### EXERCISE AIM
Every record below is to be retyped exactly, with the pictures left out.

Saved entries

┌──

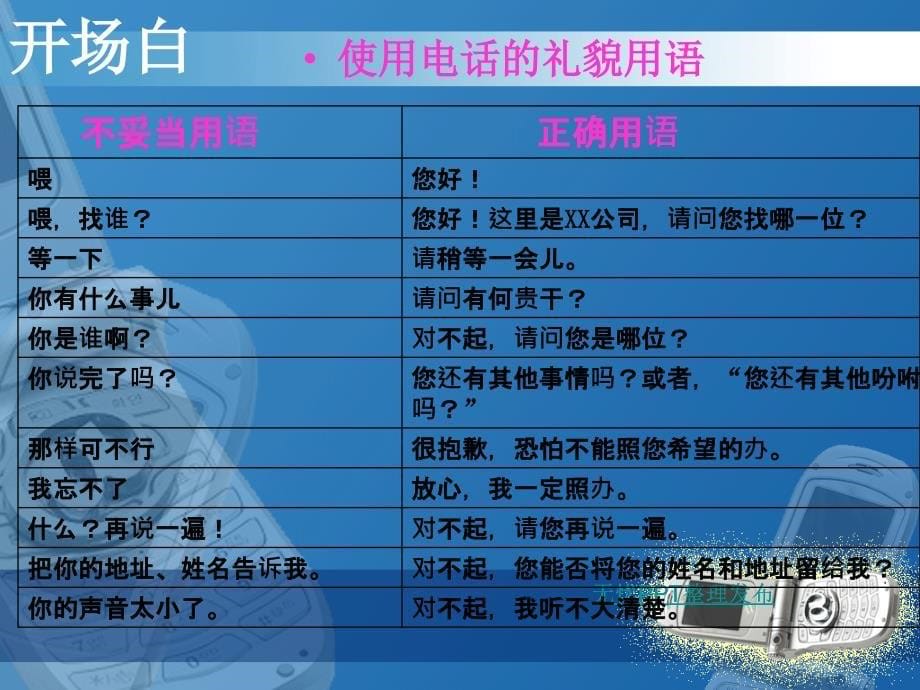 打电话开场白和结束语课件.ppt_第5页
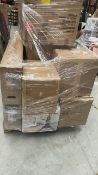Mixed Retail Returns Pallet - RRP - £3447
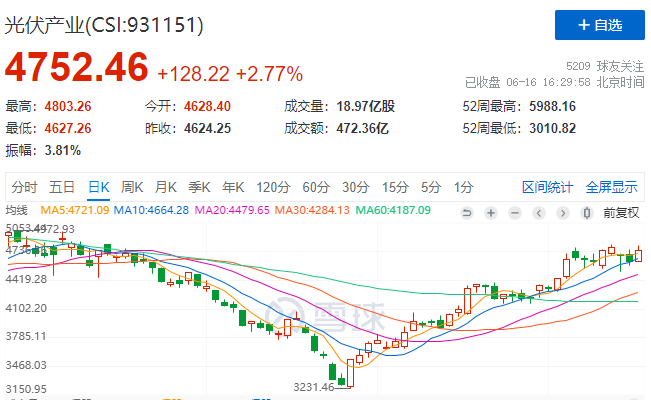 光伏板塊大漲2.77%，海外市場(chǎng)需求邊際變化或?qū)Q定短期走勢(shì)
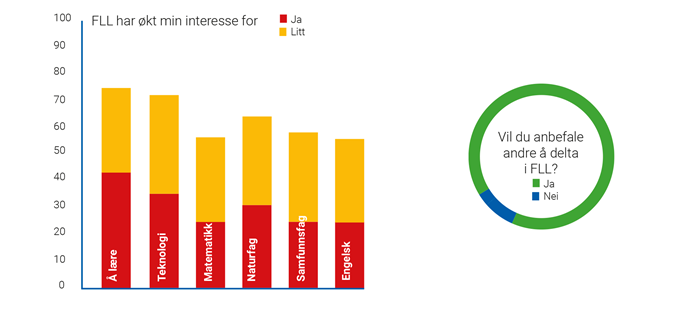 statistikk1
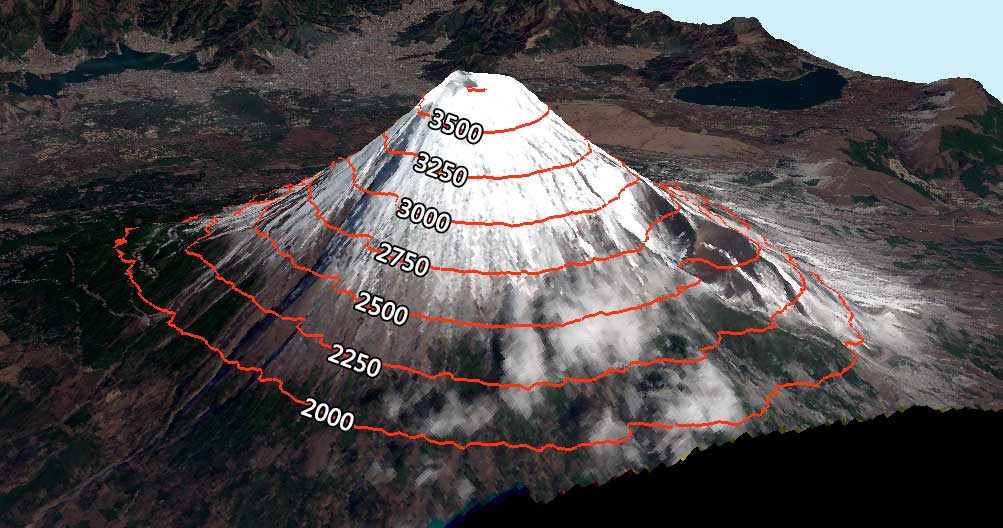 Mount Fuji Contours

└──

### WORKED SOLUTION
 打电话开场白和结束语课件.ppt_第5页
Mixed Retail Returns Pallet - RRP - £3447
 光伏板塊大漲2.77%，海外市場(chǎng)需求邊際變化或?qū)Q定短期走勢(shì)
 statistikk1
 Mount Fuji Contours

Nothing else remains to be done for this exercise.